When we first adopted Nina, she cried for one of her caretakers, “Nina want Ira!” At the time, I felt anger towards this woman. Now, I am incredibly thankful for her. Nina was able to bond with one of her caretakers, and I do believe that relationship made a huge difference in Nina’s ability to bond with me. Because Nina was loved, she was able to love back.
But there was another strong relationship Nina had in the orphanage. It was not with an adult, but with one of the other children. Nina had a best friend, the closest thing to a sister, to a family. Nina had Oksana. Both girls orphans, both girls with cerebral palsy.
When I visited Nina, Oksana would cry and ask to come with us. Most of the time she was silenced by the caretakers, but for one of the visits they allowed Oksana to play with us. During the first half of the visit, Oksana melted into my arms, resting her face on my chest, soaking in all the attention she could get. Eventually she ventured to play with Nina, and I watched their simple interactions. They talked to each other, Nina asked Oksana to get things for her, since Oksana’s mobility was much better than Nina’s. They played with a puzzle, looked at pictures, and often looked at each other, always with a smile.
After that visit I asked about Oksana, and the translator informed me they would soon be transferring her to a mental institution. I asked if the orphanage would allow me to find her a family, if they could hold her in the orphanage a little bit longer. There were no promises made, but that nightI wrote about Oksana on my blog, hoping that it would reach the right family.
Shortly after arriving home with Nina, I received an email asking about Oksana. Erin and her family committed to her adoption. I kept in contact with Erin through email, and eventually we began talking on the phone. We seemed to get along pretty well, and I wanted to offer as much help and support as I could. After all, Oksana had a special place in my heart. This was Nina’s closest relationship from her past. This was her “sister” finding a family.
Andy and I tried to be as available, open, and supportive as we could during their travel time, and after coming home. In no time, Erin and I became our “go to friend” when it came to our girls. It was only natural that at some point we would travel to finally meet the Loraine’s and reunite Nina and Oksana. That was a trip we will never forget (click on the link and check out Erin's post, there is a video of Nina and Oksana seeing each other for the first time after being adopted, it is awesome!). We finally got to meet some of our dearest friends. Our entire family clicked really well, and it felt as if we had known each other forever. And it was a treat to see Nina and Oksana together. Last Thanksgiving, Loraines came to visit for a few days. Again, we had a great time with friends.
First meeting during July 4th
Thanksgiving meeting, it was hard to get Oksana to smile for the camera, but she smiles all the time!
Last Monday, I shared with you a video of Nina jumping independently. I also posted it on facebook. When I picked Nina up from school I told her there were many messages for her from people cheering her on. She was happy, but she had only one question for me.
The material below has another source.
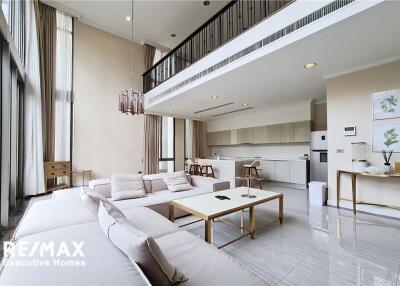 Luxury townhouse 4 bedrooms with private pool in Sukhumvit 49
“Did Oksana leave me a message?”
“Not yet sweetie, but her mommy did and I am sure she will show her the video.”
“I hope so, because I know Oksana loves me more than anyone else, and I want her to be proud.”
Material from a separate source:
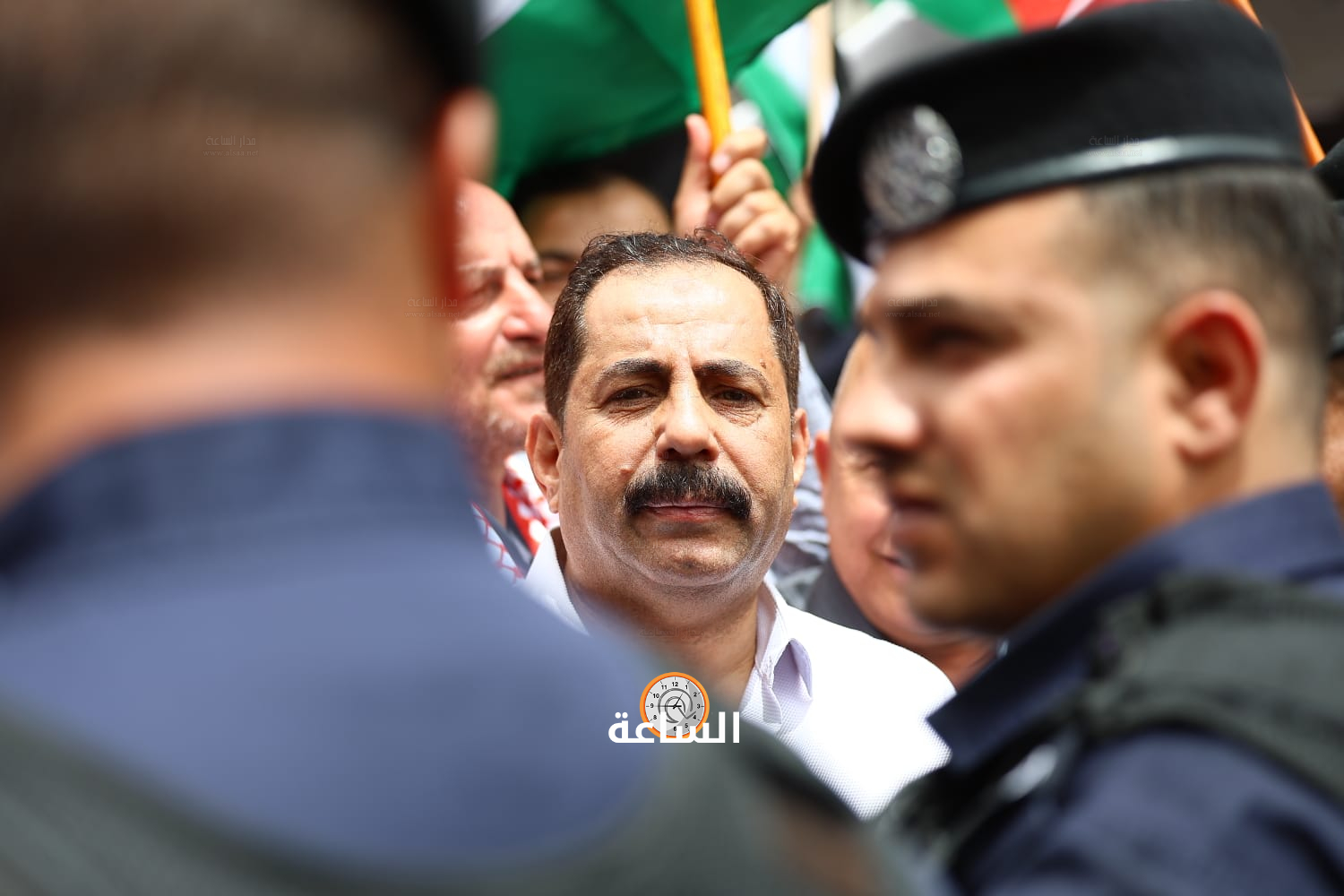 Madar Al-Saa Images 0.7640450758430577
I often think of Nina being alone at the orphanage, with no one that loved her like you love a family member. But I was wrong. Nina had someone, she had her best friend, Oksana. And I realize more and more how important that bond was for these girls, and how incredible it is that their bond has brought our respective families together. I count Erin as one of the closest friends I have ever had, and I met her thanks to Nina and Oksana.
What a blessing it is that Nina and Oksana will be friends for a lifetime and I realize now that the bond she has with her is also one of the strongest bonds she will ever have. Perhaps even closer than the one she has with her sisters. What a joy to continue to bring them together.
And who knows, maybe someday they will be roommates at Shepherd’s College and their story will be known!